Navalny says Putin ally will pay dearly for Moscow poll win

Russian opposition politician Alexei Navalny vowed Tuesday that he would make an ally of Russian President Vladimir Putin pay dearly for beating him in Moscow polls, saying he was preparing to contest the results.

"We will do everything so that Sergei Sobyanin's victory will cost him dearer than any defeat," Navalny said after coming second to the Kremlin-backed incumbent in Sunday polls for Moscow mayor.

"We now have documentary and legal evidence that a second round should have taken place and that the Moscow election commission falsified the poll," the 37-year-old said on popular Moscow Ekho radio.

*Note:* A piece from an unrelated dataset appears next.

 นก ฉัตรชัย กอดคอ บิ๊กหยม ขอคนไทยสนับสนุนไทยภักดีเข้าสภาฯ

Earlier Tuesday, the Moscow election commission upheld the final result, saying that Sobyanin received 51.3 percent of ballots, just barely enough to avoid a run-off.

Navalny, who polled far more strongly than projected with over 27.2 percent, has demanded a partial vote recount, claiming the authorities allowed vote irregularities during at-home voting and at polling stations without observers.

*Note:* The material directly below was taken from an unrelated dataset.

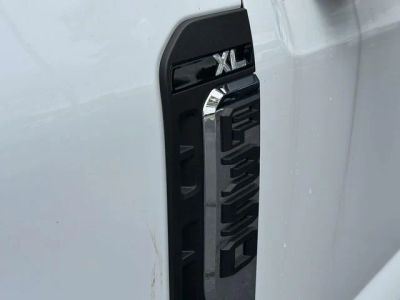 2026 Ford F-350SD - Photo 8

In a blog post, Navalny said Sobyanin avoided a second round runoff with a margin of just 31,000 votes, accusing the winner of manipulations at the ballot box.

An anti-corruption blogger, Navalny shot to prominence during huge anti-Putin rallies in the winter of 2011-12.

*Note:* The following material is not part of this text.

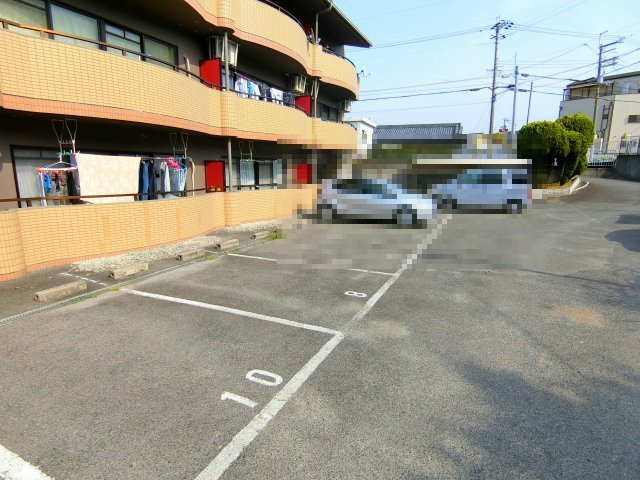 702泉ヶ丘の駐車場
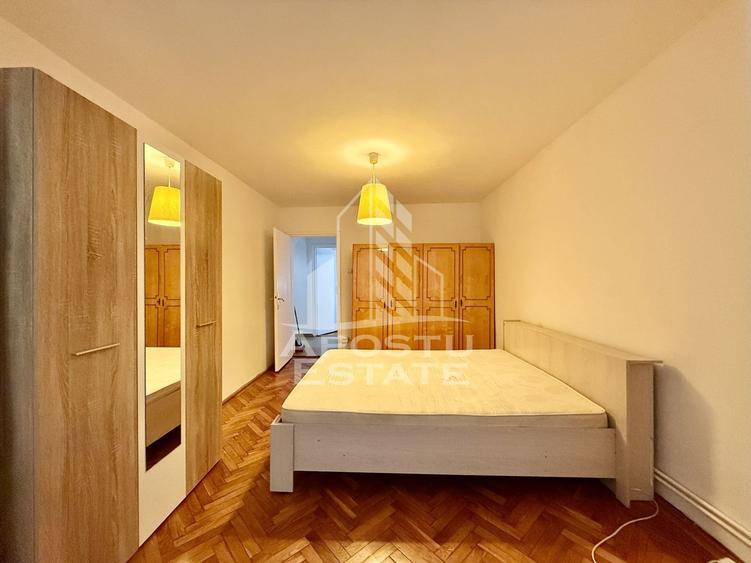 Apartament 3 camere, decomandat, etaj 1, centrala proprie, Medicina - 1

Analysts said Navalny's stronger-than-expected showing propelled him to celebrity status in Russian politics and made him a force to be reckoned with.

On Tuesday, he called on supporters to submit reports of violations and claimed he would have secured an outright victory if the voter turnout had reached 60 percent.

The turnout stood at a meagre 32 percent which apparently reflected Muscovites' apathy and lack of conviction that they can effect change.

But in a sign that the Moscow authorities were in no mood to hold a vote recount, the city's election commission upheld the final results on Tuesday.

Independent vote monitors have said irregularities were registered in Sunday's election, although they were not as serious as those witnessed in previous polls.

Widespread claims of wholesale fraud in 2011 parliamentary polls sparked unprecedented protests against Putin's ruling party and the Russian strongman himself.

Putin was scheduled to attend the Moscow mayor's inauguration on Thursday, a Kremlin source said last week.

Navalny said the authorities were in a hurry to hold the inauguration as soon as possible to cement Sobyanin's win.

"They understand perfectly well that we have thousands of observers from whom we need to collect papers in order to prepare thousands of complaints," he said.

Some 10,000 Navalny supporters poured into a central Moscow square Monday night after the opposition leader beseeched them to turn up.

Speaking at the Bolotnaya Square, the focal point of the 2011-12 anti-Putin protests, Navalny vowed to continue his fight for a political voice.

"We know how to turn our political machine which we created during this poll into a steamroller which will crush the United Russia," he said, referring to the ruling party.

He did not rule out that he might one day call for people to turn out for unsanctioned protests, "overturn cars and light smoke bombs".

"We will show that we are the main leading political opposition force in the country."

A Navalny representative, Nikolai Lyaskin, said on Tuesday that his supporters might hold another rally on Saturday, and that the authorities had already given their permission.

Navalny campaigned under the shadow of a five-year prison sentence on controversial fraud charges handed to him in July.

He was arrested in court but then was suddenly released a day later pending an appeal.

Analysts have said the Kremlin will now have to take the decision whether to send him back to jail or allow him to press ahead with his activism.